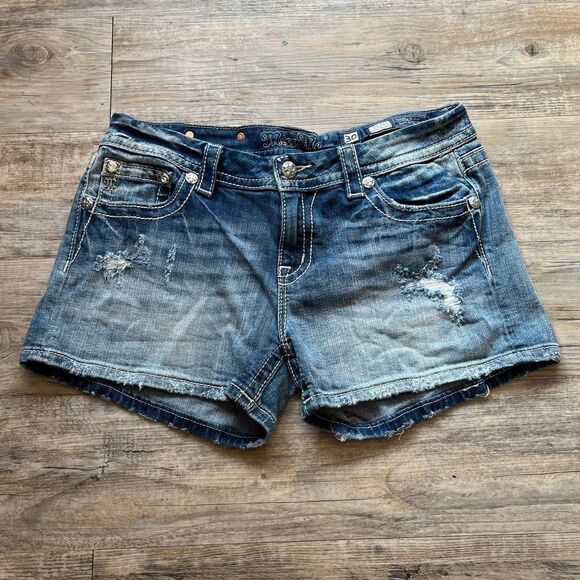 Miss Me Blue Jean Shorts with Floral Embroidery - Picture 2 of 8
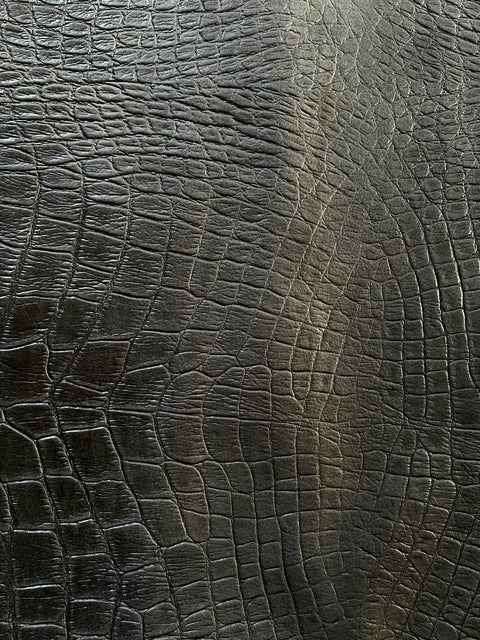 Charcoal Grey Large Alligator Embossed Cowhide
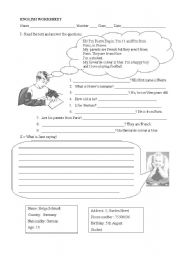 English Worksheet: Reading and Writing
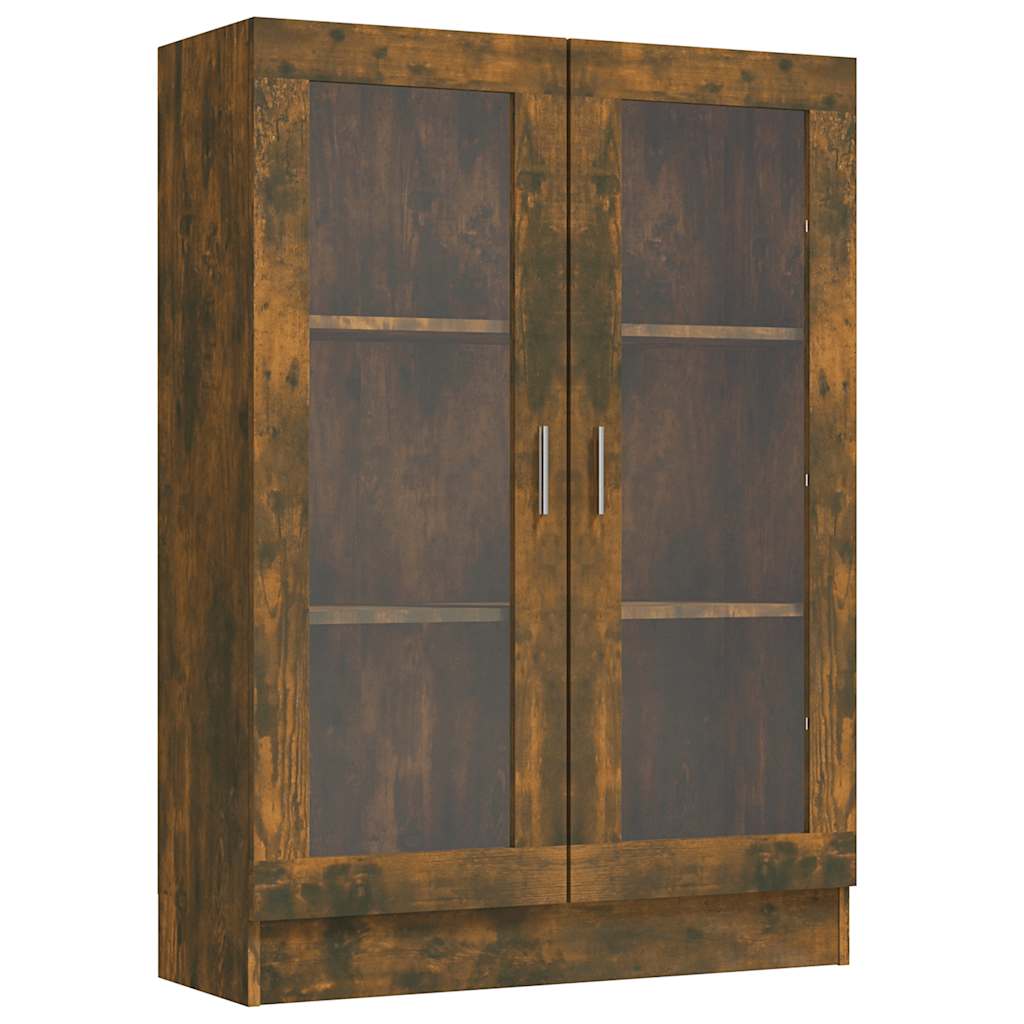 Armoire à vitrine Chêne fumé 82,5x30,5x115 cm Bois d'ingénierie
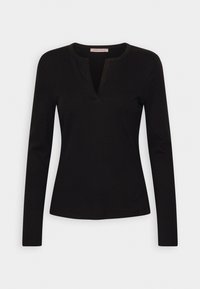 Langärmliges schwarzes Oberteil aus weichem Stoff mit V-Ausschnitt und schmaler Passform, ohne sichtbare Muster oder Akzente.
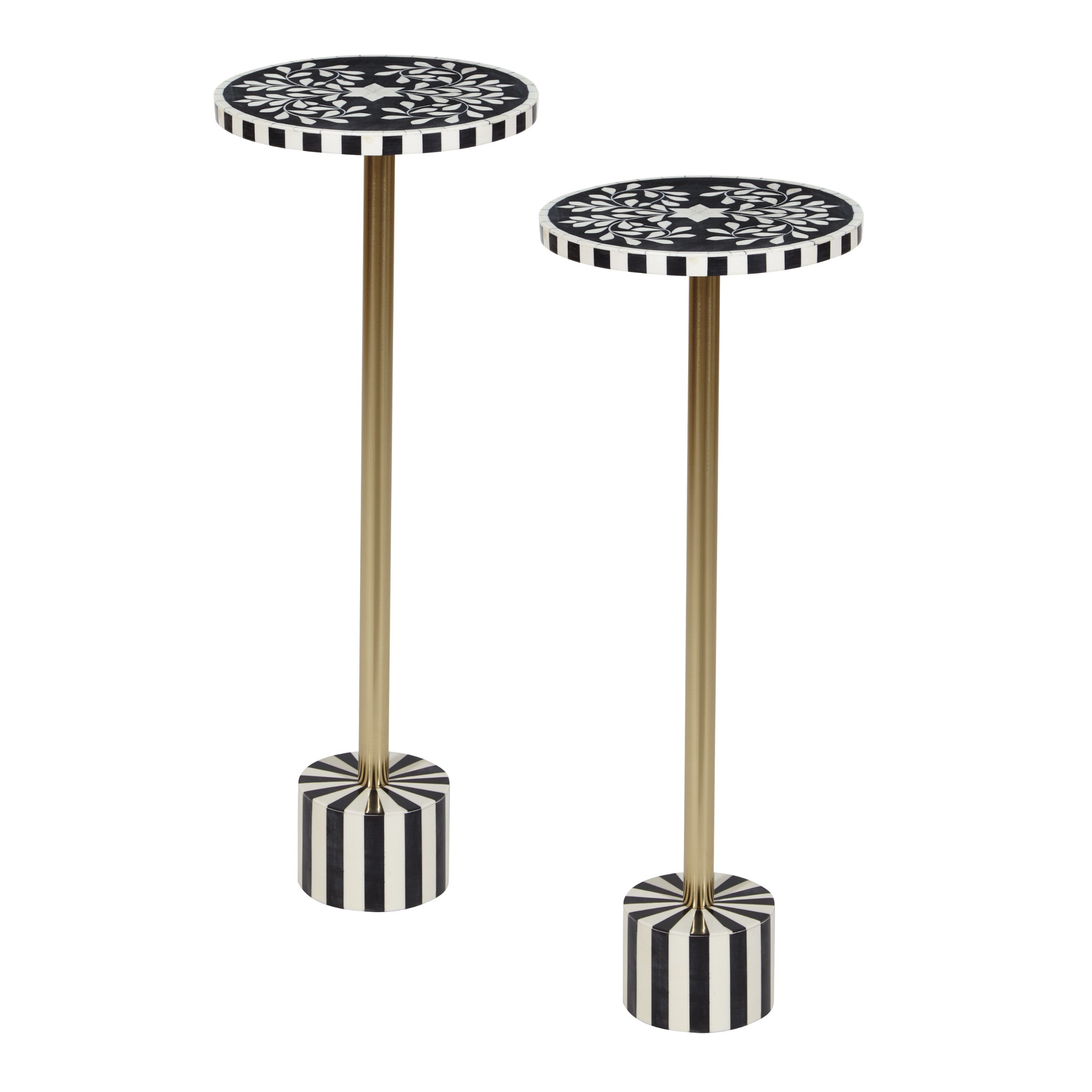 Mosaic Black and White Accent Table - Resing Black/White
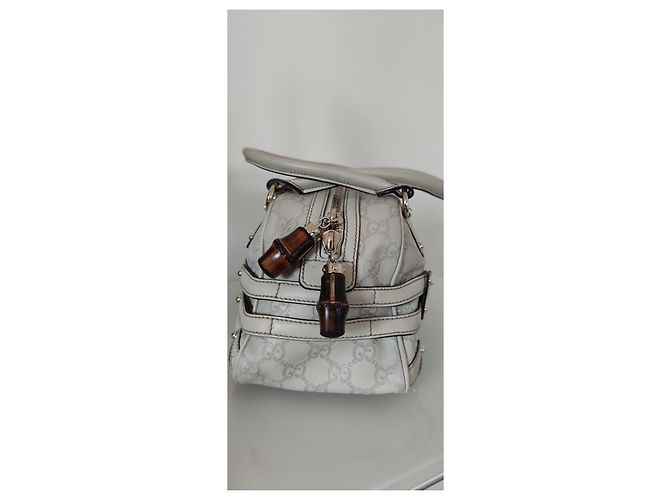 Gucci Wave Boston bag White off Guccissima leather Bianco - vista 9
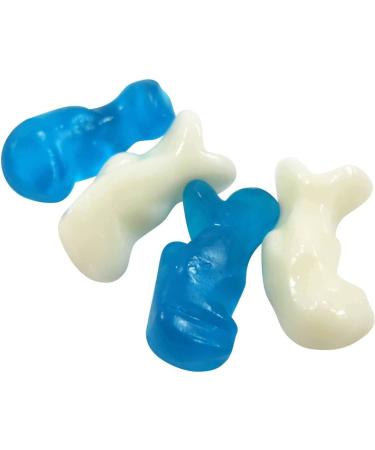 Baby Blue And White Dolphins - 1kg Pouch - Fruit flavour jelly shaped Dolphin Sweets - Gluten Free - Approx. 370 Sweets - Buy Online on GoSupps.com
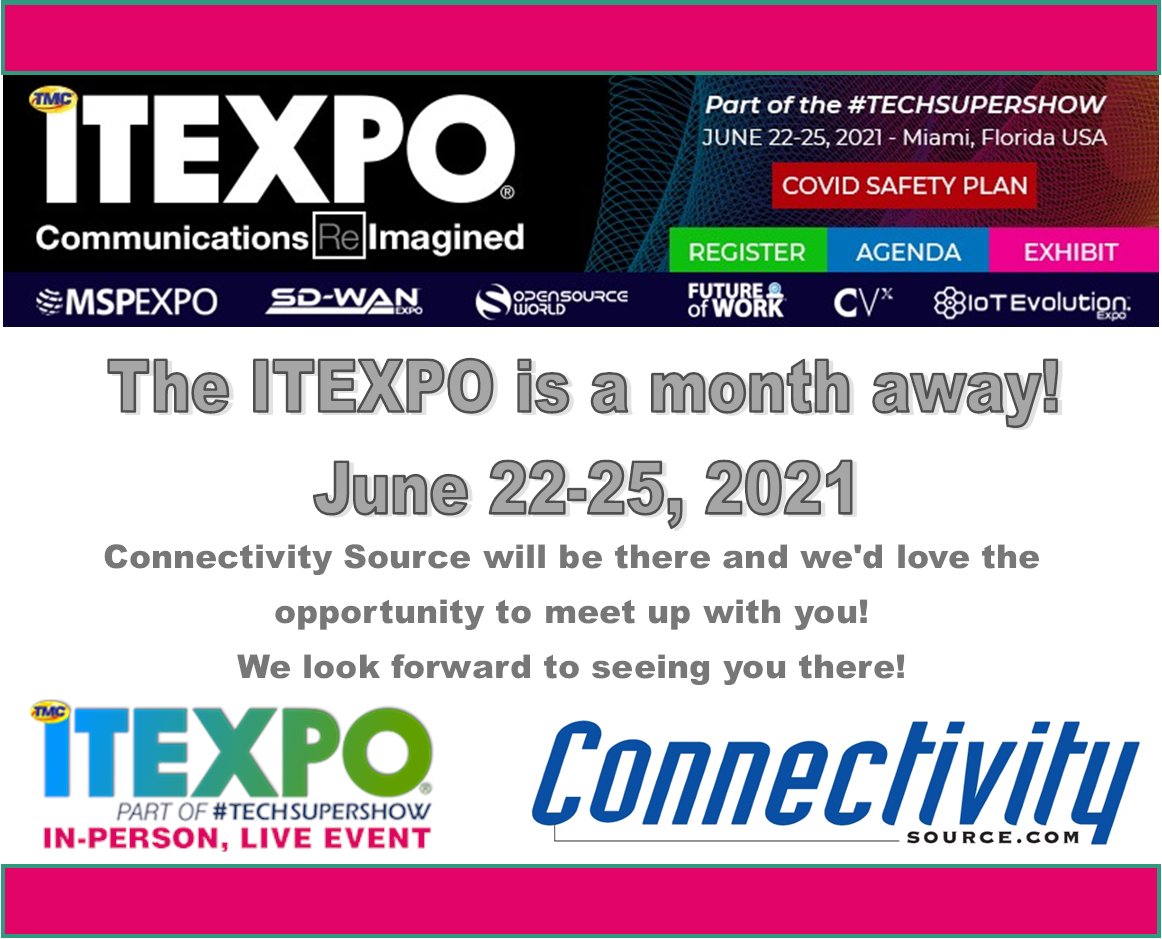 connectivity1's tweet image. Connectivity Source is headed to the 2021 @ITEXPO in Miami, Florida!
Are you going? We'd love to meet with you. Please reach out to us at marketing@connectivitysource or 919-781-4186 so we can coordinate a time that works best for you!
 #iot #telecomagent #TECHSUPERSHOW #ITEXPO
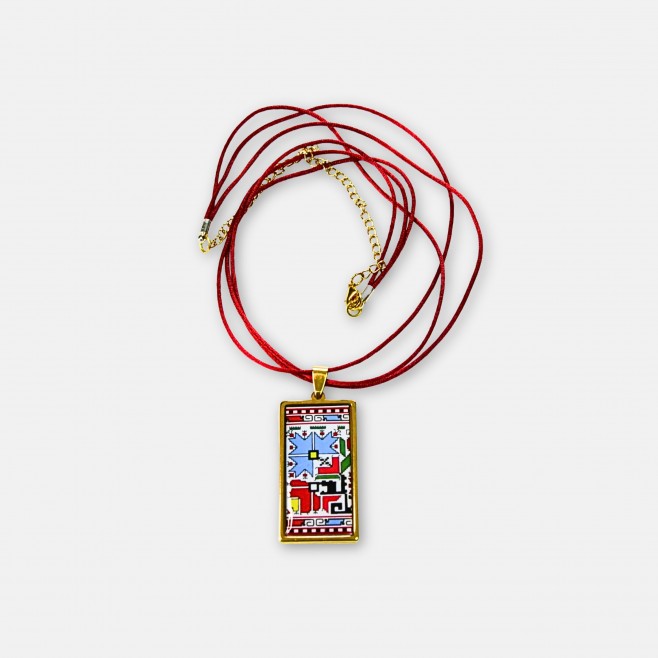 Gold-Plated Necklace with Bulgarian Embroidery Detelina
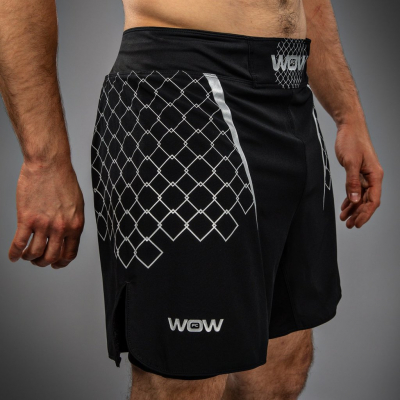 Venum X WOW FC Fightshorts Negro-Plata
....
■ **WHAT IS NEEDED**: Return the listing above unchanged, apart from dropping its pictures.

■ **TASK RESULT**:
 Miss Me Blue Jean Shorts with Floral Embroidery - Picture 2 of 8
 Charcoal Grey Large Alligator Embossed Cowhide
 English Worksheet: Reading and Writing
 Armoire à vitrine Chêne fumé 82,5x30,5x115 cm Bois d'ingénierie
 Langärmliges schwarzes Oberteil aus weichem Stoff mit V-Ausschnitt und schmaler Passform, ohne sichtbare Muster oder Akzente.
 Mosaic Black and White Accent Table - Resing Black/White
 Gucci Wave Boston bag White off Guccissima leather Bianco - vista 9
 Baby Blue And White Dolphins - 1kg Pouch - Fruit flavour jelly shaped Dolphin Sweets - Gluten Free - Approx. 370 Sweets - Buy Online on GoSupps.com
 connectivity1's tweet image. Connectivity Source is headed to the 2021 @ITEXPO in Miami, Florida!
Are you going? We'd love to meet with you. Please reach out to us at marketing@connectivitysource or 919-781-4186 so we can coordinate a time that works best for you!
 #iot #telecomagent #TECHSUPERSHOW #ITEXPO
 Gold-Plated Necklace with Bulgarian Embroidery Detelina
 Venum X WOW FC Fightshorts Negro-Plata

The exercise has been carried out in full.